How does Timsort perform on data in descending order?

918 views Asked by At

From the:

http://svn.python.org/projects/python/trunk/Objects/listsort.txt

and:

http://en.wikipedia.org/wiki/Timsort

I see, that Timsort has some optimizations when a0 > a1 > a2 > ..., but what about next array:

10000,10000,9999,9999,9998,9998,....,9,9,8,8,7,7,6,6,5,5,4,4,3,3,2,2,1,1,0,0

What is a time efficiency for such array?

(integers were used to simplify an example, stable sorting is required) I have made some measurements and, seems, such arrays are not "good" cases for Timsort.

actually, TimSort in JDK http://cr.openjdk.java.net/~martin/webrevs/openjdk7/timsort/raw_files/new/src/share/classes/java/util/TimSort.java has a method "countRunAndMakeAscending"

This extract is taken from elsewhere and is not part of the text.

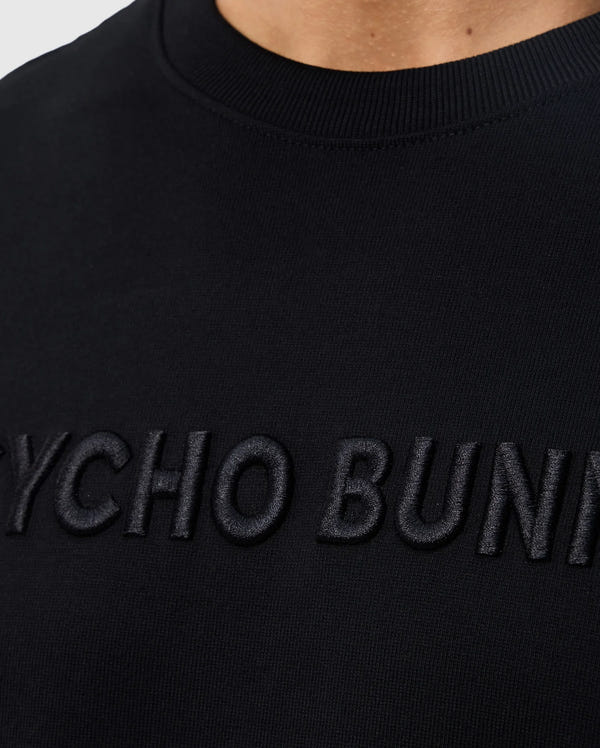 Close-up of a black sweatshirt with the words "MENS WINDCREST HEAVY WEIGHT TEE - B6U593C200" embroidered in black letters on the chest, showing detailed fabric texture and neckline by Psycho Bunny.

@SuppressWarnings("unchecked")
private static int countRunAndMakeAscending(Object[] a, int lo, int hi) {
    assert lo < hi;
    int runHi = lo + 1;
    if (runHi == hi)
        return 1;

    // Find end of run, and reverse range if descending
    if (((Comparable) a[runHi++]).compareTo(a[lo]) < 0) { // Descending
        while(runHi < hi && ((Comparable) a[runHi]).compareTo(a[runHi - 1]) < 0)
            runHi++;
        reverseRange(a, lo, runHi);
    } else {                              // Ascending
        while (runHi < hi && ((Comparable) a[runHi]).compareTo(a[runHi - 1]) >= 0)
            runHi++;
    }

    return runHi - lo;
}

why not to implement it in another way:

private static int countRunAndMakeAscending(Object[] a, int lo, int hi) {
    int runHi = lo;
    int lastEqual = lo;
    int ascending = 0;
    while (++runHi < hi) {
      int c = ((Comparable) a[runHi+1]).compareTo(a[runHi]);
      if (ascending == 0) {
        if (c != 0) {
          if (c > 0) {
            ascending = 1;
          } else {
            ascending = -1;
            reverseRange(a, lastEqual, runHi);
            lastEqual = runHi;
          }
        }
      } else if (ascending == 1) {
        if (c < 0) {
          return runHi - lo;
        }
      } else {
        if (c > 0) {
          reverseRange(a, lastEqual, runHi);
          reverseRange(a, lo, runHi);
          return runHi - lo;
        } else if (c < 0) {
          reverseRange(a, lastEqual, runHi);
          lastEqual = runHi;
        }
      }
    }
    if (ascending == -1) {
      reverseRange(a, lastEqual, runHi);
      reverseRange(a, lo, runHi);
    }
    return runHi - lo;
}

so it will work fine with non ascending order?

1

There are 1 answers

2
loreb On

Yes.

Basically it decided that "ascending" really meant "not descending", without any loss of generality -- in case you have eg [5,5,4 3] it will just break it into [5,5] (ascending) and then [4,3] (descending) on the next call.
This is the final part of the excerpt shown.